Discussion in 'Science Fiction & Fantasy' started by Saul, Sep 2, 2020.
I really enjoy Alien Resurrection
I liked it when I watched it a few months ago. It's not as good as the first two, but it's still enjoyable.
PC was not but I think they inserted a lot of conflict to make up drama. But, that's fair and part of the adaptation process. But, it also feels very repetitive with Peter being a jerk to Edmund in both the first movie and PC. I feel like more time could have been given to just a better understanding of Caspian than what we got.
But, it's also been a number of years since I have seen the film. I think the biggest thing that PC struggled with that the first film really got right was a sense of magic. VDT got closer but still lacked something.
I am a big fan of the movie and I honestly am always just a little bit surprised when people don't like it. It's a fairly simple story but a very exciting concept. I never quite understood the detractors.
Yeah, I agree. It even has a sort of Indiana Jones vibe going on at the beginning with the expedition and discovery, and it's always something I felt the movie did well. I understand that the TV series was popular, but I never felt it reached the same level.
I dislike the current trend in scifi for time traveling to create a new, separate timeline (and essentially a brand new universe) instead of changing the hero's actual timeline. It takes all the stakes out of a time travel story.
If you change the past, it doesn't matter. You've just created a brand new timeline that doesn't effect your own life. It then stops being time travel and becomes dimension hopping (or "sliding" if you're in the 90s).

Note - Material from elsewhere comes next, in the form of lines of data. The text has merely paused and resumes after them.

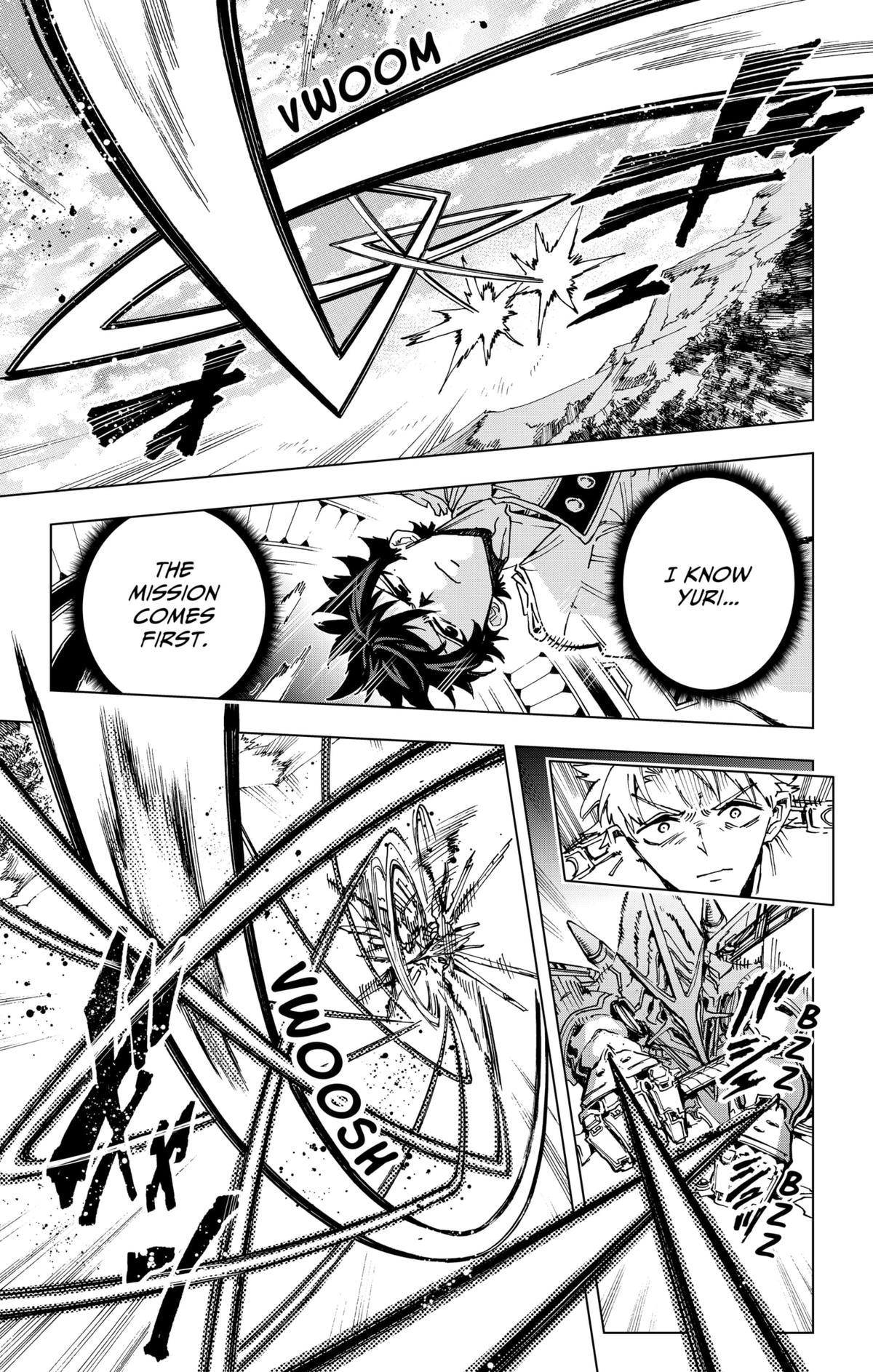 Eiyuu Kikan Chapter 31 page 7 - 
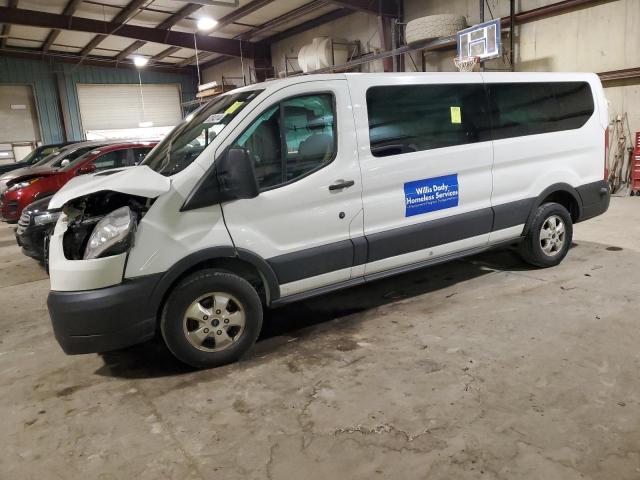 2017 FORD TRANSIT T-350, null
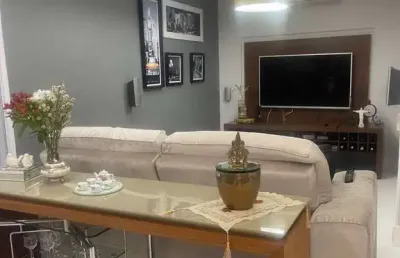 Apartamento para venda com 3 suítes no helbor reserva do itapety vila oliveira.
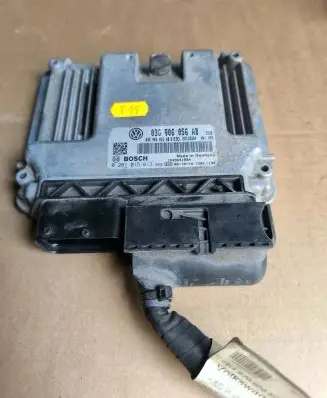 Volkswagen Caddy Engine ECU kit and lock set 03G906021AB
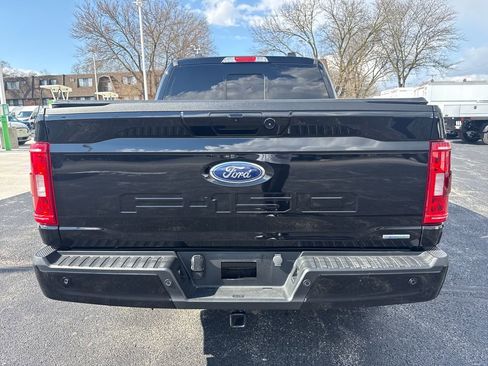 Used 2023 Ford F150 XLT w/ Equipment Group 302A High image 7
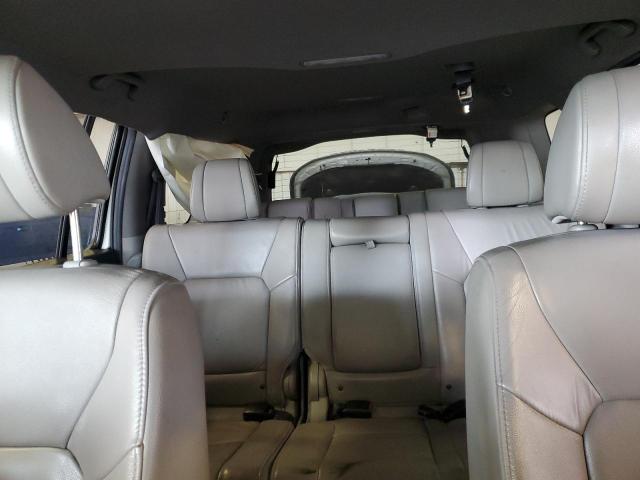 Photo 10 from auction – 2013 HONDA PILOT EXL with VIN 5FNYF4H58DB073942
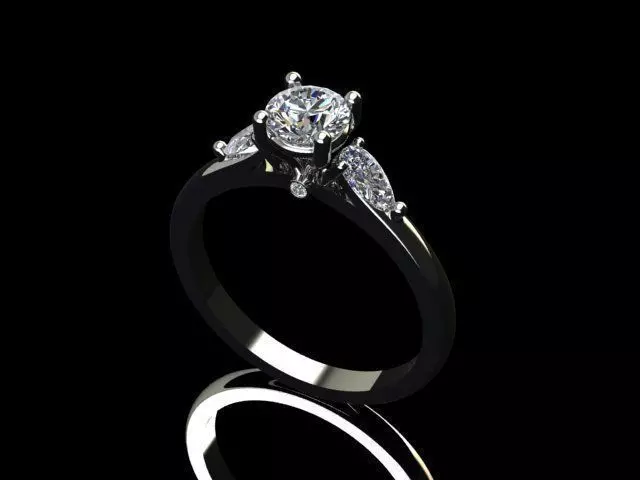 SOL with 2 Pears 3D print model_0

Imagine if this were applied to a story like "Back to the Future." Marty would be under no pressure to get his parents back together because he's in a different timeline/universe and his timeline/universe would remain unaffected.
The one time I really like it though was the 2009 Star Trek movie because it gave them the ability to do a remake that still had ties to the original universe.
I shared this in the controversial Star Trek thread but I'll share a modified version here. I am tired of time travel in general now. I don't care if it is popular, if it is a trope, or whatnot. It has been overdone to the point that I can't help but roll my eyes at the mention of another possible time travel situation.
It raises too many questions in terms of how the time travel works, or if it is an alternate dimension, or how I should care in the outcome. I guess it would depend on how the story is crafted. But, time travel is becoming a very quick way for me to become less interested.
If anything, I'm starting to prefer the Doctor Who type of time travel where there are no rules and nothing really matters that much. It's essentially just used as a way to get the heroes to a new setting for a new adventure.
Often its a gimmick used by lazy hacks who lack the ability to show far-reaching or even personal consequences in a single timeline. The easy way out is to scribble out alternate timelines where--as you say--its is really of no consequence to the hero, because subconsciously, he's not going to invest himself into what happens as he would if his reality were at risk.
This is why for a franchise like Star Trek, time travel stories have only worked well a few times--mainly in TOS, where in each, major case ("Tomorrow is Yesterday", "The City on the Edge of Forever" and "Assignment: Earth"), the tension was high because the heroes were dealing with their own timeline--there's grave risk with their every decision, which is not there when the lazy kind of writer starts pulling endless alternate timelines out of his butt.
Although The Doctor has had some pretty creative uses of time travel over the years. In the modern era, Matt Smith's adventures were particularly creative and fun--while still playing fast and loose with any time travel rules.
Starchaser: The Legend of Orin is-voice acting issues aside in places-a perfectly serviceable animated film.
The Dragonheart series of films deserves better recognition than it gets.